Work instruction
Apart from the images, every record here needs to be copied exactly.

Exercise input
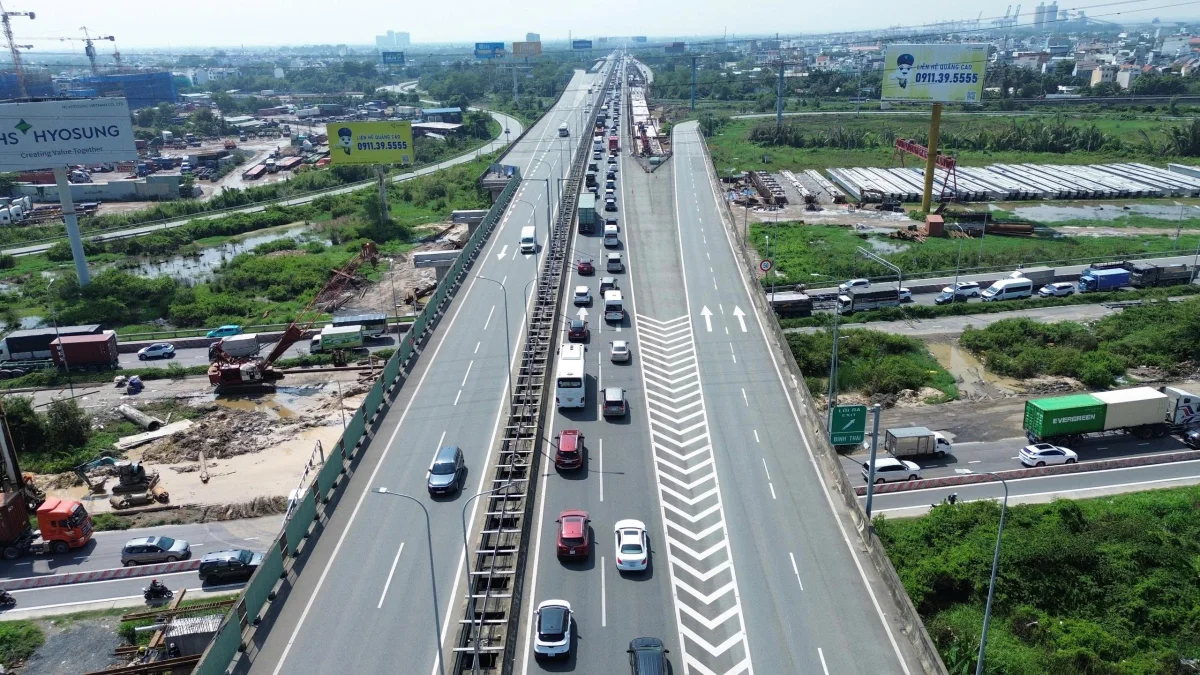 Cao tốc TP HCM - Long Thành kẹt xe gần 10 km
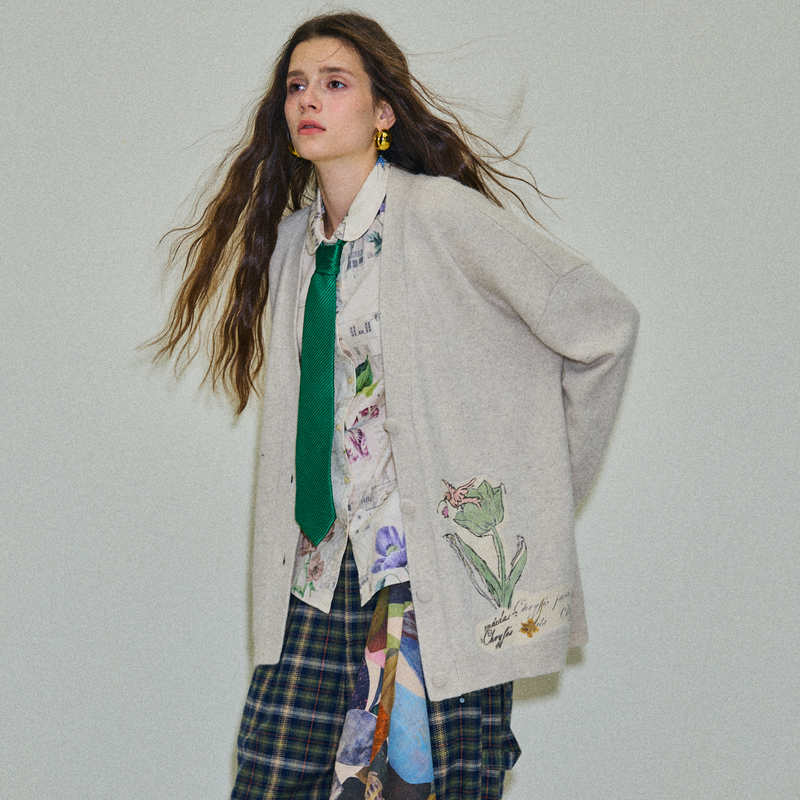 谜底针织开衫长袖2025冬季新品V领中长款亲肤保暖毛衣女254MZ1927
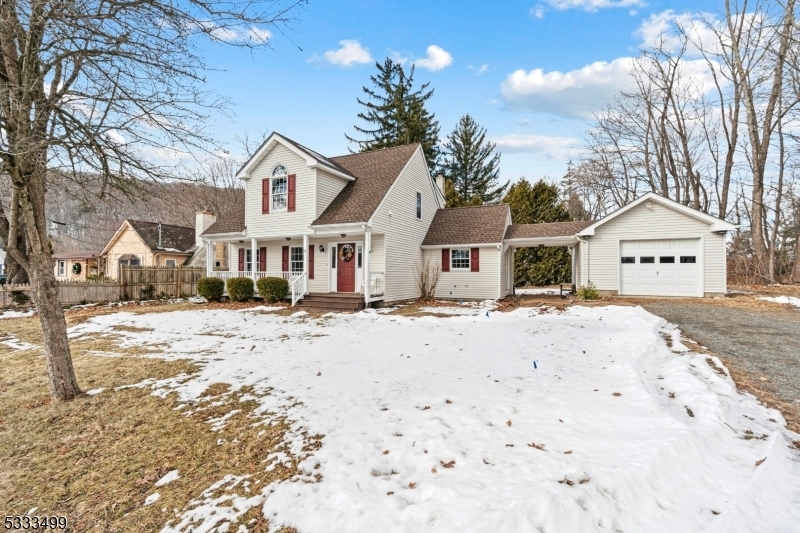 Property Photo:  15 Lenape Trl  NJ 07438 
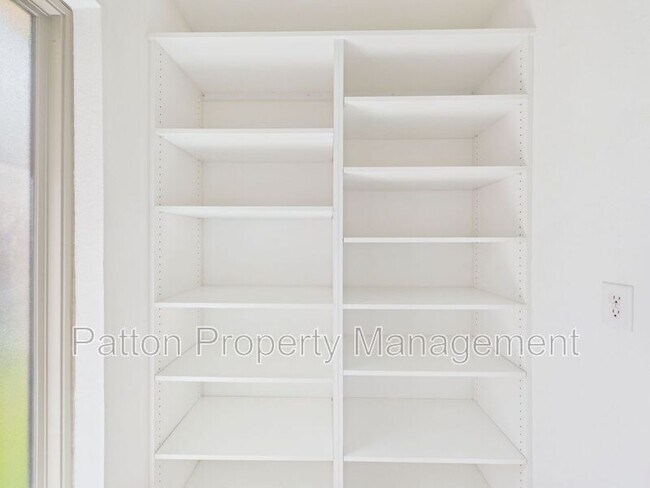 Building Photo - 6810 Montague Dr
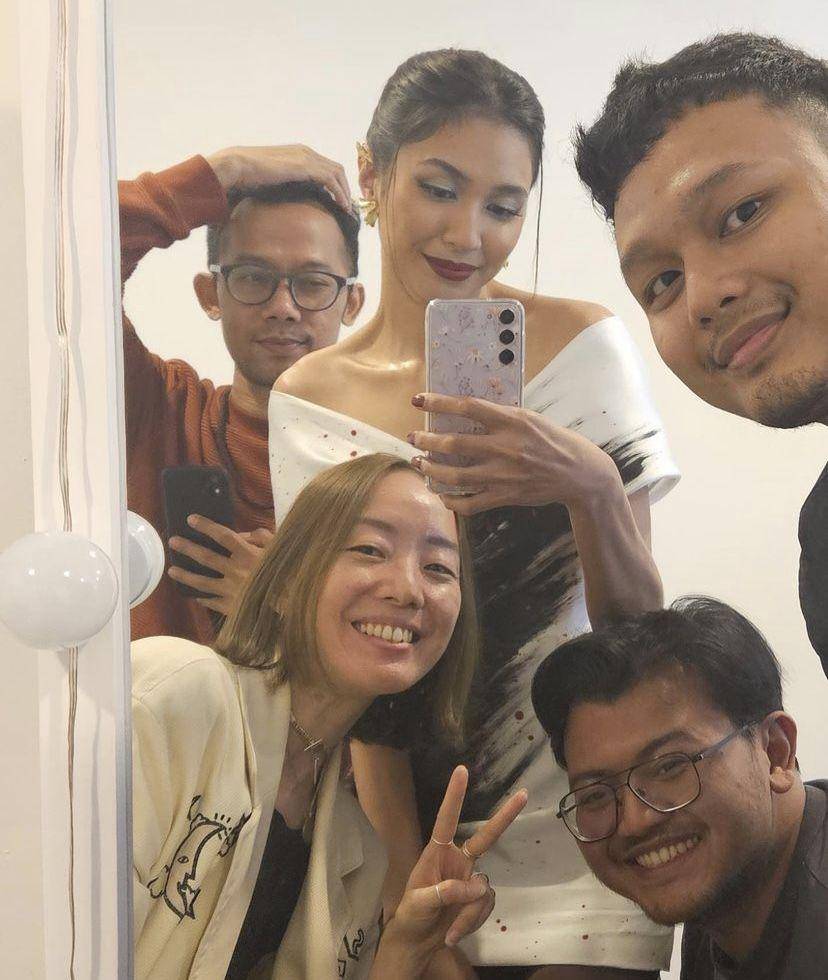 potret Mikha Tambayong di gala premiere film Sewu Dino (instagram.com/miktambayong)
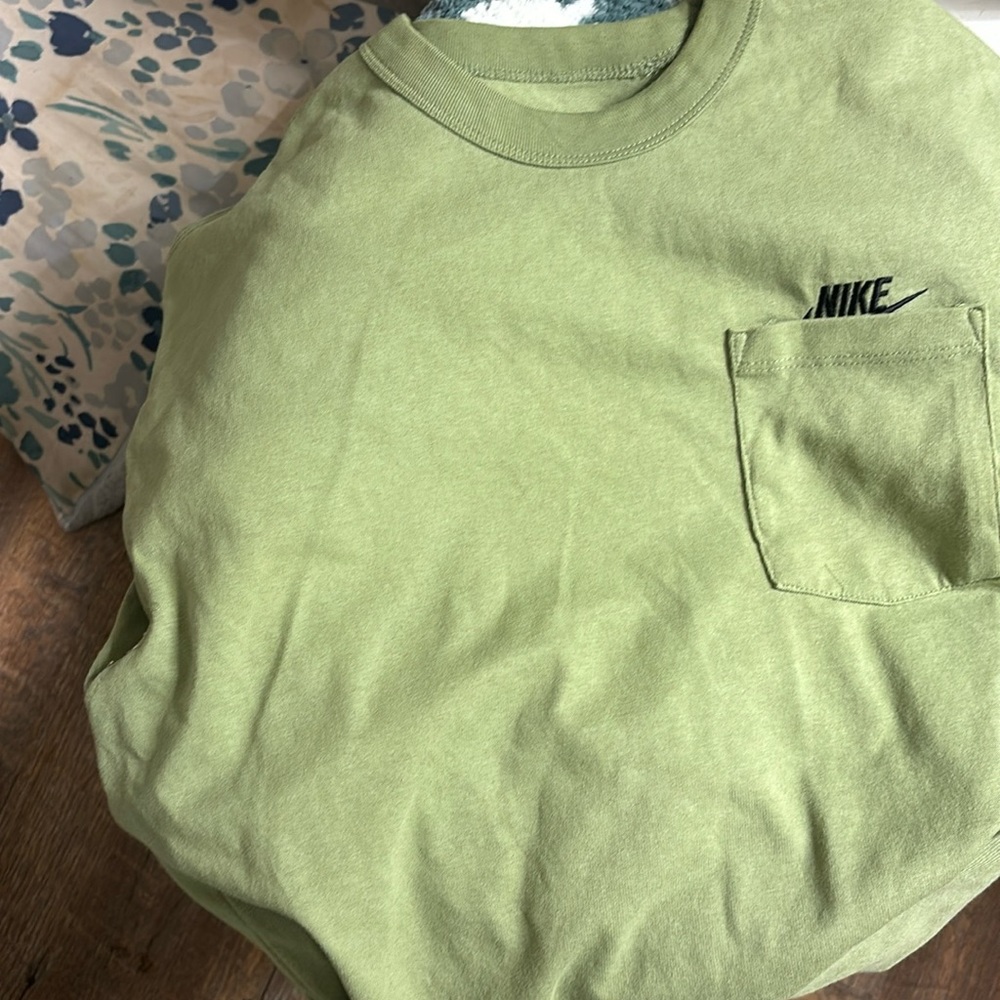 Nike Olive 🫒 Green Tee Loose Fit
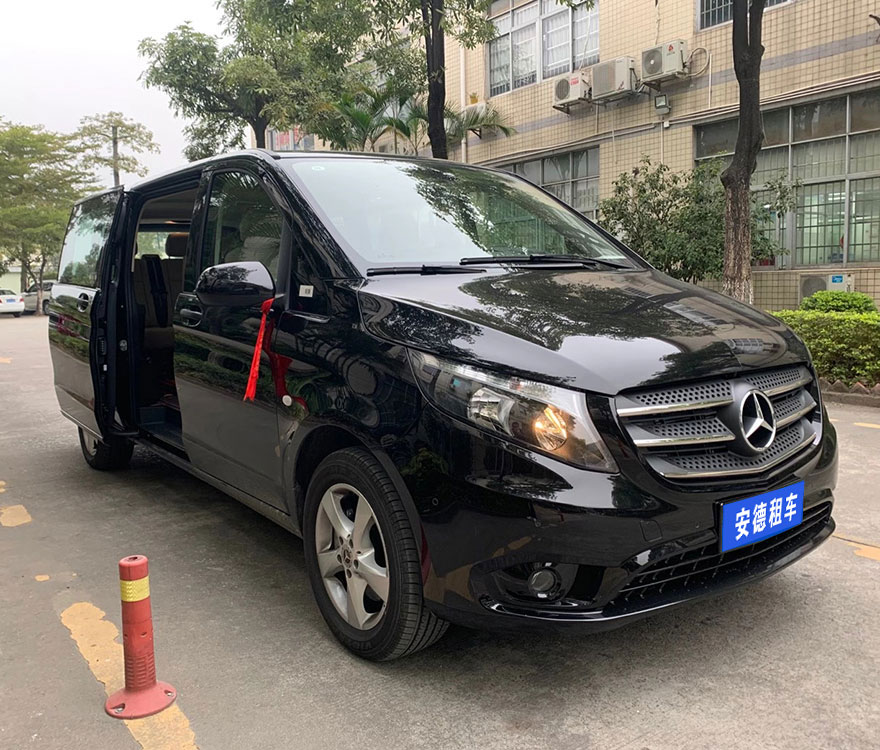 犇(ben)馳威霆(ting)9座商(shang)務(wu)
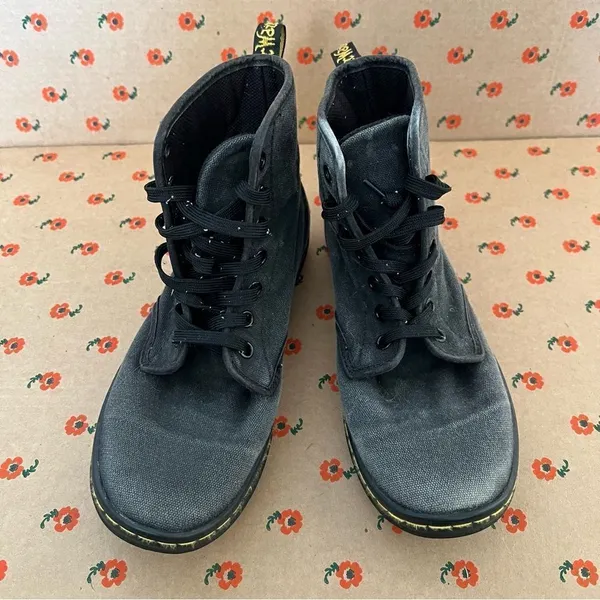 ✨ Dr.‎ Martens Doc Martens Women’s Black Gray Canvas Shoes 7 - Image 2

Solution to this exercise
 Cao tốc TP HCM - Long Thành kẹt xe gần 10 km
 谜底针织开衫长袖2025冬季新品V领中长款亲肤保暖毛衣女254MZ1927
 Property Photo:  15 Lenape Trl  NJ 07438 
 Building Photo - 6810 Montague Dr
 potret Mikha Tambayong di gala premiere film Sewu Dino (instagram.com/miktambayong)
 Nike Olive 🫒 Green Tee Loose Fit
 犇(ben)馳威霆(ting)9座商(shang)務(wu)
 ✨ Dr.‎ Martens Doc Martens Women’s Black Gray Canvas Shoes 7 - Image 2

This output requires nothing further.